L. Mohapatra, J.
1. Civil Revision No. 261 of 1998 has been filed against the order dated 4.8.1998 by the learned Civil Judge (Senior Division), Sambalpur in Title Suit No. 154 of 1994 and Civil Revision No. 262 of 1998 has been filed against the order dated 4.8.1998 passed by the Civil Judge (Senior Division), Sambalpur in Title Suit No. 66 of 1995. Since the question involved is same, both the cases are taken up for hearing and covered by this judgment.
2. In T.S.No. 154/98 (Civil Revision No. 261/98) an application was filed under Order 22, Rule 4-A of the Civil Procedure Code by the plaintiff-petitioner stating that the defendant No. 1 died on 2.8.1997 and that the legal heirs of defendant No.1 are not living in India and they have left India since long deserting the defendant No. 1 and whereabout of the legal heirs are not available or known to the plaintiff. As the defendant No. 1 has ot no legal representative, the estate left by the deceased defendant No.1 should be represented by an officer of the Court.
3. Objection was filed by the defendant No. 2 - opposite party No.1 contending therein that since the plaintiff has admitted that the deceased-defendant No.1 has got his legal heirs to represent him in the suit after his death, Order 22, Rule 4-A of the C.P.C. is not applicable. Having admitted that the defendant No.1 has left legal heirs the plaintiff cannot again say that the defendant No. 1 has got no legal heirs and seeks relief under the said provision.
4. Shri. S.P.Mishra, learned counsel for the petitioner submits that Order 24, Rule 4-A of the C.P.C. is not confined to the cases where a party who dies during the pendency of the suit leaving no legal representative, but also applies to the cases where the legal representatives of the deceased party are not traceable. Learned counsel has referred to the objects and reasons behind the enactment of Order 22, Rule 4-A which was brought to the Statute by way of amendment in the Civil Procedure Code in Year 1976. Shree Mishra submits that the Bill which was submitted before the Parliament with regard to the said amendment speaks of a case not only where the deceased - defendant has no legal representative, but also where legal reprehensive is not traceable. He further subther submits provision has been introduced by way of amendment so that the plaintiff may proceed with the suit. Therefore, trial Court was not justified in rejecting the prayer on the ground that the application is not maintainable in the facts of the case.

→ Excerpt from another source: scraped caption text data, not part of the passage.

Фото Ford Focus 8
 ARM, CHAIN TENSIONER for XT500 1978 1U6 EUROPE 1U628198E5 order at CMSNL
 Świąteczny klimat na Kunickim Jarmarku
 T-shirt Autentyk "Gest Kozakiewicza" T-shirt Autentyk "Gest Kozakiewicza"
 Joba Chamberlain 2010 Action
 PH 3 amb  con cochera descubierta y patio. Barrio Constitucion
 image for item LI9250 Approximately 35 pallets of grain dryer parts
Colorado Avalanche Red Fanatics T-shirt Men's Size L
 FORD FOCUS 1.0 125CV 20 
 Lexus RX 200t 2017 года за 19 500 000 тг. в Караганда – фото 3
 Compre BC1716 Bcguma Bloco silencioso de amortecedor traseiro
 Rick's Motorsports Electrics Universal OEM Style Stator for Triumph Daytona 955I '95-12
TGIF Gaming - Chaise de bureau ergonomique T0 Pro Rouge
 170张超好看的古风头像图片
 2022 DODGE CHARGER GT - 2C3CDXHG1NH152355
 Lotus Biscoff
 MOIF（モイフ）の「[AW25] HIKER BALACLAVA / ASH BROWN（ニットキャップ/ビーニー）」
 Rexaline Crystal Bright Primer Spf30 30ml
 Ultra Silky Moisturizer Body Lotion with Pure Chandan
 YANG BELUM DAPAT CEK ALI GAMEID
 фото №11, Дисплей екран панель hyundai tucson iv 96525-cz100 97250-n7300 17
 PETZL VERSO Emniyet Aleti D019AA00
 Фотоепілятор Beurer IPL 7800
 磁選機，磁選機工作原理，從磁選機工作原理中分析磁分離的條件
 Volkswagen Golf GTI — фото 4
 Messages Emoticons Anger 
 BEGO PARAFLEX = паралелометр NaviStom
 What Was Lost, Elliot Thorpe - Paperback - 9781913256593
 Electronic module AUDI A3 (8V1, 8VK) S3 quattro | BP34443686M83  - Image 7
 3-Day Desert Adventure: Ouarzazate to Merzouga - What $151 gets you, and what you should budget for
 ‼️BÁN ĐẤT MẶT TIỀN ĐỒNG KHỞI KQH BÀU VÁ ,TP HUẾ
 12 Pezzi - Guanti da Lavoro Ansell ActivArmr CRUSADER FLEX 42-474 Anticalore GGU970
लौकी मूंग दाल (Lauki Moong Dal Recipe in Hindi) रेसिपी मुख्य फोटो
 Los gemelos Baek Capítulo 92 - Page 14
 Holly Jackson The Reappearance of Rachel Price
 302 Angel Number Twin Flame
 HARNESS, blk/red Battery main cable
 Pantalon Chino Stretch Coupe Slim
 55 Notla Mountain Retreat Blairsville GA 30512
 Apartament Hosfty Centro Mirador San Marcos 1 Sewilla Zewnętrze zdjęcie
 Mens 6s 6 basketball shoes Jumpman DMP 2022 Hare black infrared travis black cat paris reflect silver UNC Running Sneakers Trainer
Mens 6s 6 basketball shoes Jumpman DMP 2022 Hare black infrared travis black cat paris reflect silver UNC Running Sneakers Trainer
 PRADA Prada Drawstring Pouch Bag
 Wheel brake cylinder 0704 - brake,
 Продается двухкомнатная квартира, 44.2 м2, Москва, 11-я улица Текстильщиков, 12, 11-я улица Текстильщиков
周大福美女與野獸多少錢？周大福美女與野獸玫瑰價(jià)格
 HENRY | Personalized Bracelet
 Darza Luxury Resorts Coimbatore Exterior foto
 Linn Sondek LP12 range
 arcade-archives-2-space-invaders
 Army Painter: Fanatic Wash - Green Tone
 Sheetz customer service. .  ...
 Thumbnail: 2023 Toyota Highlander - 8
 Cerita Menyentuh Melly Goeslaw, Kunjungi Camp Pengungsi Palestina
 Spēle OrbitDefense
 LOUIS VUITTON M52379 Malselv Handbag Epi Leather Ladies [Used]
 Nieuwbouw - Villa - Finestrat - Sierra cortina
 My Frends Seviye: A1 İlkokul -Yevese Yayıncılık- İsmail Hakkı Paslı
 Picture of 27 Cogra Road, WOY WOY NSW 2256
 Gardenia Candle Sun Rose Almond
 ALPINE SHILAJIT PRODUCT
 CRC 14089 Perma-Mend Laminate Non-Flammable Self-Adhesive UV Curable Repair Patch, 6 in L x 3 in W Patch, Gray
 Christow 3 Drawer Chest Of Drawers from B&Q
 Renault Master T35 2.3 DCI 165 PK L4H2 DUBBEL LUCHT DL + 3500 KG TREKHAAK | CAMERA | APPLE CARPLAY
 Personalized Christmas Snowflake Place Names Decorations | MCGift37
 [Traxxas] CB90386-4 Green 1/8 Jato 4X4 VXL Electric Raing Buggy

5. Shri. N.C.Pati, learned counsel that the provision is so clear and unambiguous that it is not necessary to refer to the objects and reasons or to the preamble. Court can only look into the objects and reasons when it is not possible to arrive at a clear meaning of a particular provision.
It is worthwhile to refer to the said provision which was brought into the Statute by way of amendment in 1976. The relevant portion of Order
22. Rule 4(A) of the C.P.C. runs as follows:
"(1) If, any suit, it shall appear to the Court that any party who has died during the pendency of the suit has no legal representative , the Court may, on the application of any party to the suit, proceed in the absence of a person representing the estate of the deceased person, or represent the estate of the Court or such other person as it thinks fit to represent the estate of the deceased person for the purpose of th auit, and any judgment or order subsequently given of made in the suit shall bind the estate of the deceased person to the same extent as he would have been bound it a personal representative of the deceased person has been a party to the suit.
(2). Before making an order under rule the Court (a) may require notice of the application for the order to be given effect to such (if any) of the persons having an interest in the estate of the deceased person as it thinks fit; and (b) shall ascertain that the person proposed to be appointed to represent the estate of the deceased is willing to be so appointed and has no interest adverse to that of the deceased person."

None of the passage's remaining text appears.